Da das Ganze aber für rund 20,- Euro erhältlich ist, kann man damit wohl leben – zumal man in den Anfangstagen von VR ohnehin gerne mal ein wenig kräfter zulangt. Das verrückte Spielerlebnis ist den Preis zweifellos wert, wenn man sich der Tatsache gewahr ist, dass es mehr um das Gesamterlebnis als um forderndes Gameplay geht. Uns hat „Here They Lie“ aber insgesamt ziemlich gut gefallen – ein weiteres gutes Beispiel, was man mit VR anstellen kann.
Das VR-Erlebnis
Jetzt noch ein paar Worte zu den Themen Immersion und körperliche Reaktionen darauf: Es ist tatsächlich ein echter Kulturschock, den man über so eine VR-Lösung wahrnimmt. Ob das Ganze nur eine vorübergehende Phase im Videospiel-Business ist – wie die Bewegungssteuerung, die mittlerweile auch kaum noch Fans hat – ist aktuell noch nicht abzusehen und hängt stark davon ab, was man uns an Spielmöglichkeiten bieten kann. Es ist aber insgesamt eine durchaus überzeugende Technologie, wenngleich qualitativ bestimmt noch Einiges herauszuholen ist.
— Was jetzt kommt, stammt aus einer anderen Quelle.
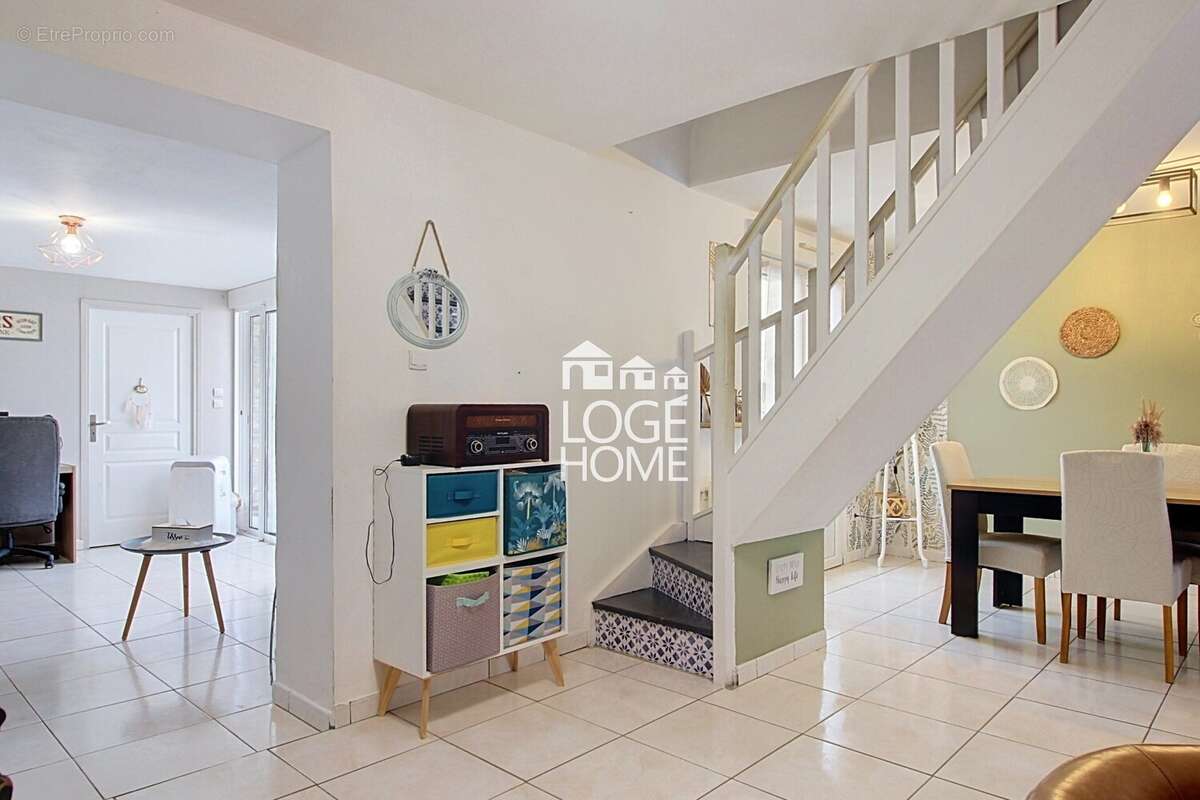 Maison 107 m² à Pecquencourt  - photo 9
Und dann ist da noch die Sache mit der Verträglichkeit: Man hat es ja schon im Vorfeld überall zu hören bekommen: Mit dem Erlebnis, das VR-Lösungen bieten, kommt längst nicht jeder Spieler zurecht. „Motion Sickness“ oder auf gut deutsch „Reisekrankheit“ kommt dann zustande, wenn das Gehirn überfordert ist, weil es optische Bewegungen wahrnimmt, der Körper aber keine solchen vornimmt. Das Ganze ist vergleichbar mit dem seltsamen Gefühl, das manche Menschen beim Treppensteigen auf einer stehenden Rolltreppe wahrnehmen. Das Gehirn erwartet Bewegung ohne körperliche Aktivität und ist verwirrt.
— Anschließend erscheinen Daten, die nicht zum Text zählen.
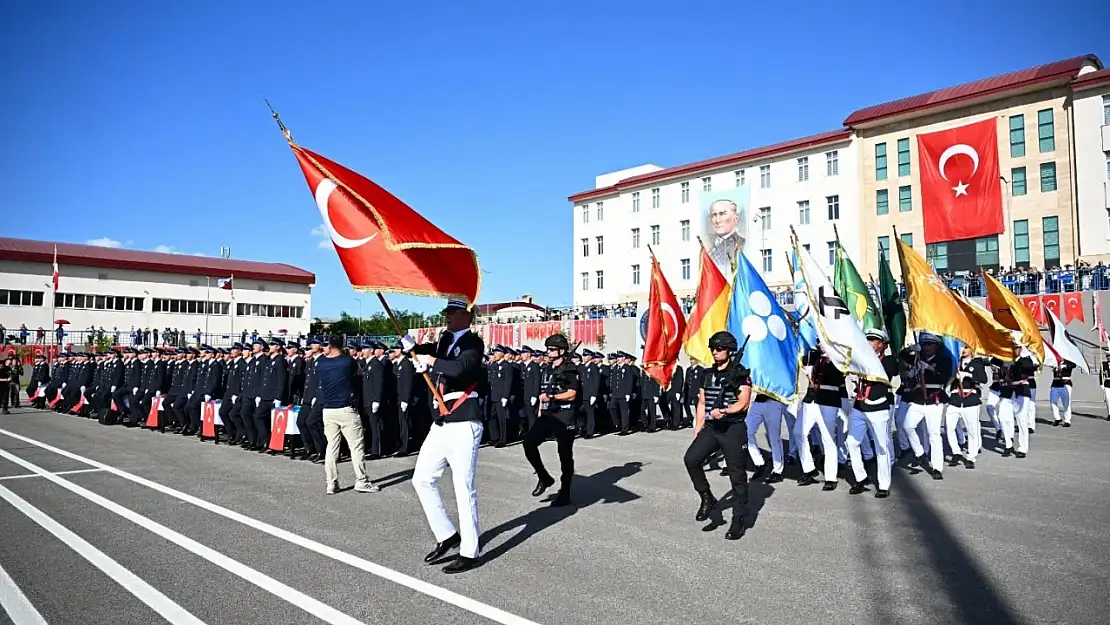 Erzurum'da Polis Adayları Mezuniyet Töreninde Duygu Dolu Anlar Yaşandı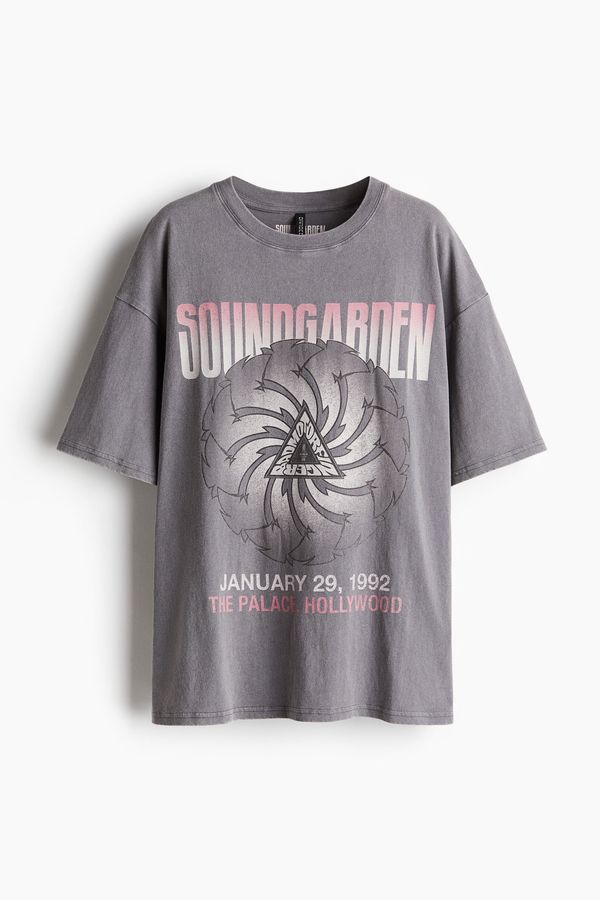 Camiseta oversize con motivo estampado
Die Reaktion auf diese Überforderung ist unterschiedlich: Manche Spieler kommen ohne größere Probleme damit klar, anderen haben nach dem Abnehmen des Headsets mit einem Schwindel zu kämpfen. Weniger schön ist es natürlich, wenn das zu Kopfschmerzen oder gar Übelkeit führt, aber auch das kann vorkommen. Dabei ist es ratsam, auf die Reaktion des Körpers zu achten und regelmäßige Pausen einzulegen. Und damit meinen wir nicht das übliche „Nach einer Stunde Spielen eine Pause einlegen“ wie es in den rechtlichen Hinweisen vieler Titel steht. Die Anzahl der Menschen, die problematisch auf VR reagieren, ist mit Sicherheit größer als bei regulären Videospielen, deshalb ist Vorsicht wirklich angeraten.